Alex's Anthology of Algorithms Common Code for Contests in Concise C++
Strings / Pattern Matching

3.3.1 String Searching (KMP)

3-Strings/3.3.1_String_Searching_(KMP).cpp

View on GitHub

Given a single string (needle) and subsequent queries of texts (haystacks) to be searched, determine the first positions in which the needle occurs within the given haystacks in linear time using the Knuth-Morris-Pratt algorithm. In comparison, std::string::find runs in $O(n^{2})$ in the worst case. KMP precomputes, for every prefix of the needle, the length of its longest proper border (a prefix that is also a suffix). On a mismatch, the needle falls back to that border instead of restarting, so the position in the haystack never moves backward.

  • KMP(needle) constructs the partial match table for a string needle that is to be searched for subsequently in haystack queries.
  • find_in(haystack) returns the first position that needle occurs in haystack, or std::string::npos if it cannot be found.
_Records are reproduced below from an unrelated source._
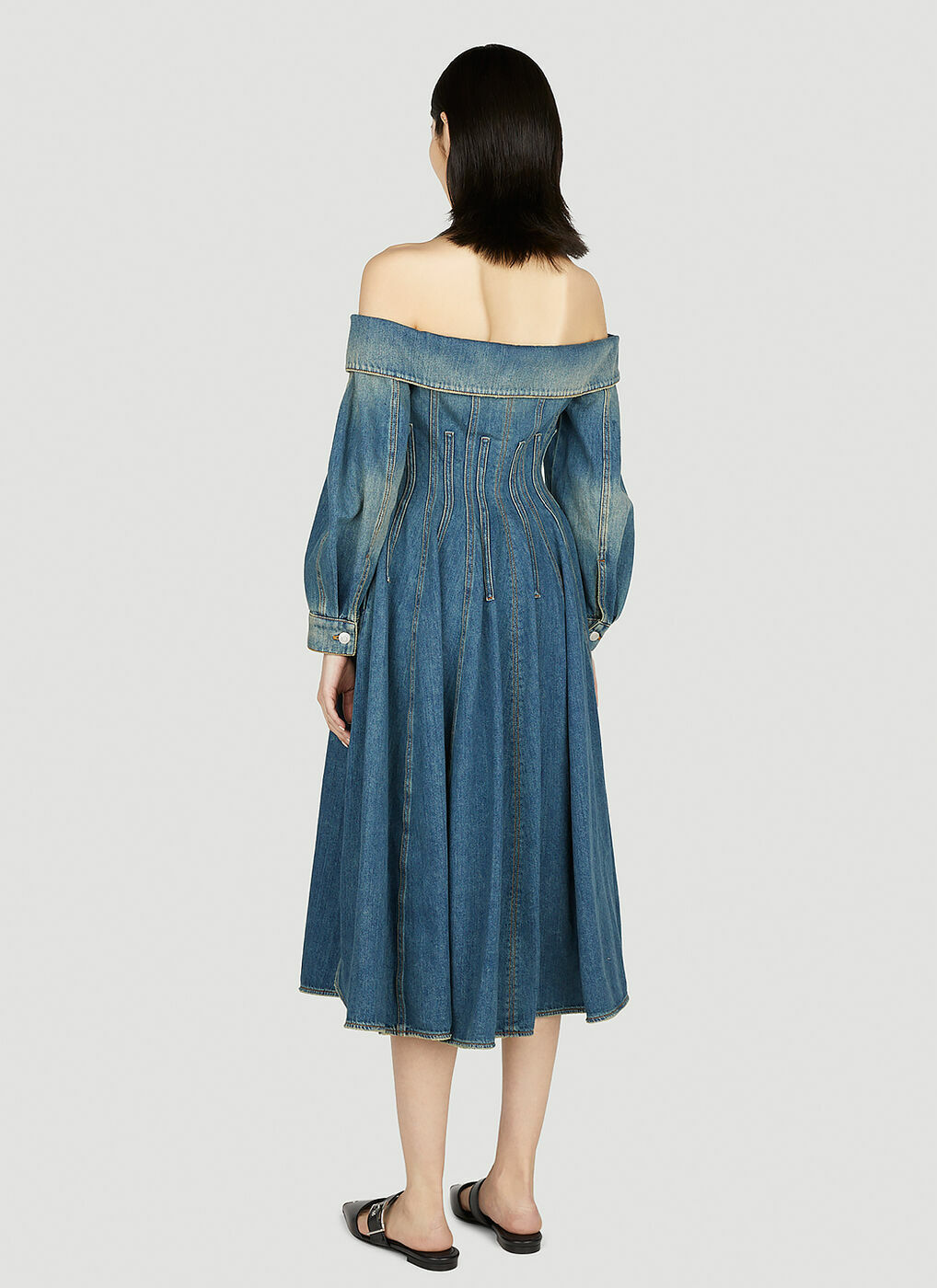 ワンピース Alexander Mcqueen Denim Dress Alexander McQueen Denim Mini Dress | Blue | FARFETCH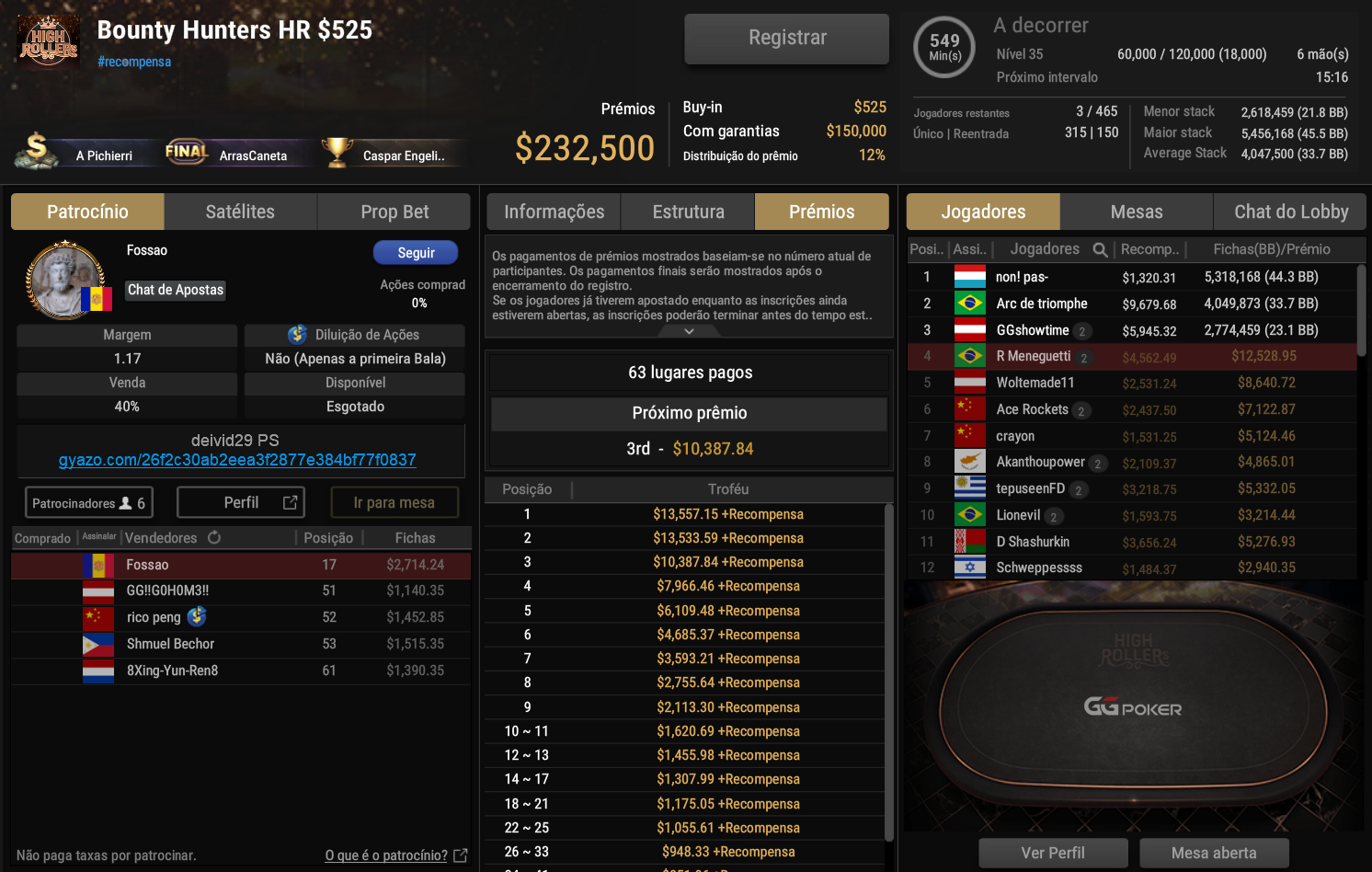 GGPoker Bounty Hunters HR US$ 525 16jun2025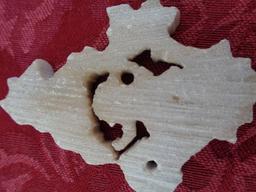 Ivory Pendant - Hand Carved Ivory Pendant - Squarel in Tree Carving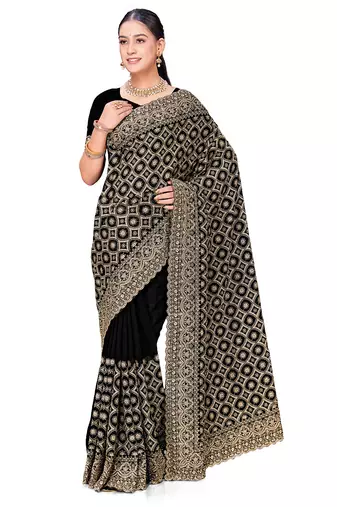 Designer black heavy zari embroidery work georgette saree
Note that the function can be modified to return all matches by simply letting the loop run and storing the results instead of returning early.

Implementation

#include <string>
#include <vector>
using std::string;

class KMP {
  string needle;
  std::vector<int> table;

 public:
  explicit KMP(const string &needle) : needle(needle), table(needle.size()) {
    for (int i = 1, j = 0; i < static_cast<int>(needle.size()); i++) {
      while (j > 0 && needle[i] != needle[j]) {
        j = table[j - 1];
      }
      if (needle[i] == needle[j]) {
        j++;
      }
      table[i] = j;
    }
  }

  size_t find_in(const string &haystack) {
    int m = static_cast<int>(needle.size());
    if (m == 0) {
      return 0;
    }
    for (int i = 0, j = 0; i < static_cast<int>(haystack.size()); i++) {
      while (j > 0 && needle[j] != haystack[i]) {
        j = table[j - 1];
      }
      if (needle[j] == haystack[i]) {
        j++;
      }
      if (j == m) {
        return i + 1 - m;
      }
    }
    return string::npos;
  }
};

Example Usage

#include <cassert>

int main() {
  assert(15 == KMP("ABCDABD").find_in("ABC ABCDAB ABCDABCDABDE"));
  return 0;
}